Estas questões, porém, não se colocam quando falamos de performances ao vivo. 
No Hard Club, os Preoccupations interpretaram uma setlist de luxo. Tocaram o Viet Cong na integra, dois temos do Preoccupations e 3 temas do New Material, com o momento alto desta montra fresca a acontecer com a interpretação de “Disarray”, um dos novos singles dos canadianos. E mais do que uma setlist de luxo, teve lugar naquela noite uma performance de excelência.  A sinergia entre todos os elementos é sublime – o alinhamento dos Preoccupations é o mesmo que sempre foi e a cumplicidade dentro e fora de palco é evidente — e a sua faceta expansiva continua presente, amplificada pelo êxtase de uma performance ao vivo.
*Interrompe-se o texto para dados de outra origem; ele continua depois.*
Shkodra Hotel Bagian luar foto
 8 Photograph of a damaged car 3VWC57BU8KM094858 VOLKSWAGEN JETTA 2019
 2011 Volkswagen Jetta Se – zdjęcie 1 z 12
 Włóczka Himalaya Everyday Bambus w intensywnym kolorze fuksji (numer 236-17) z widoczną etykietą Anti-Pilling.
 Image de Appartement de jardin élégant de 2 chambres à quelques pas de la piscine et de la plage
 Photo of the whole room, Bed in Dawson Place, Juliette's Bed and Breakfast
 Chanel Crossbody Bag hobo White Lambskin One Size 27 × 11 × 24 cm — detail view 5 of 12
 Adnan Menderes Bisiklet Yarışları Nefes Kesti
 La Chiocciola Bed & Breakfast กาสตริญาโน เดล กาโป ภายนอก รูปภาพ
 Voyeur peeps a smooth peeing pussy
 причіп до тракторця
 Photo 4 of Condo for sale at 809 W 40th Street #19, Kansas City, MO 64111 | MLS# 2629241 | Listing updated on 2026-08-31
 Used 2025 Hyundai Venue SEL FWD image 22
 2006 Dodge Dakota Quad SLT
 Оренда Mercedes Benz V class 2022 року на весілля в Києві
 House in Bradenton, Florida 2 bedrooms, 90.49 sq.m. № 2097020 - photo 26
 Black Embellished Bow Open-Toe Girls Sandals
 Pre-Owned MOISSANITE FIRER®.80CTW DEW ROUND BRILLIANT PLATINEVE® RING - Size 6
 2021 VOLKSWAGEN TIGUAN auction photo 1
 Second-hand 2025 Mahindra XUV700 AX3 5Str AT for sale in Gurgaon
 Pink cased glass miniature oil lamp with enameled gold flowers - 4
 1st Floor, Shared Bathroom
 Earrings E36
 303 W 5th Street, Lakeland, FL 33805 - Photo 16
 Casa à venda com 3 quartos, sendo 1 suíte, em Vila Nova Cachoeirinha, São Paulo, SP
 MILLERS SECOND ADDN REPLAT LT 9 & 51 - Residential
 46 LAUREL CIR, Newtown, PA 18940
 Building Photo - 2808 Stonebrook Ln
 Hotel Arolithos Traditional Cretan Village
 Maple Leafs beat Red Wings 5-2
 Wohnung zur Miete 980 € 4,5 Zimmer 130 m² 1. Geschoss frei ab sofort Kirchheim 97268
Fotografia capturada durante a performance dos Viet Cong no NOS Primavera Sound 2015.

Foi em 2015 que nos deslocámos de propósito ao Primavera para assistir à estreia ao vivo dos então Viet Cong em Portugal. E desde essa ocasião (a única em que os vi), muito mudou. Mas julgando por aquilo que testemunhei no passado sábado no Hard Club, as coisas para os Preoccupations mudaram para melhor.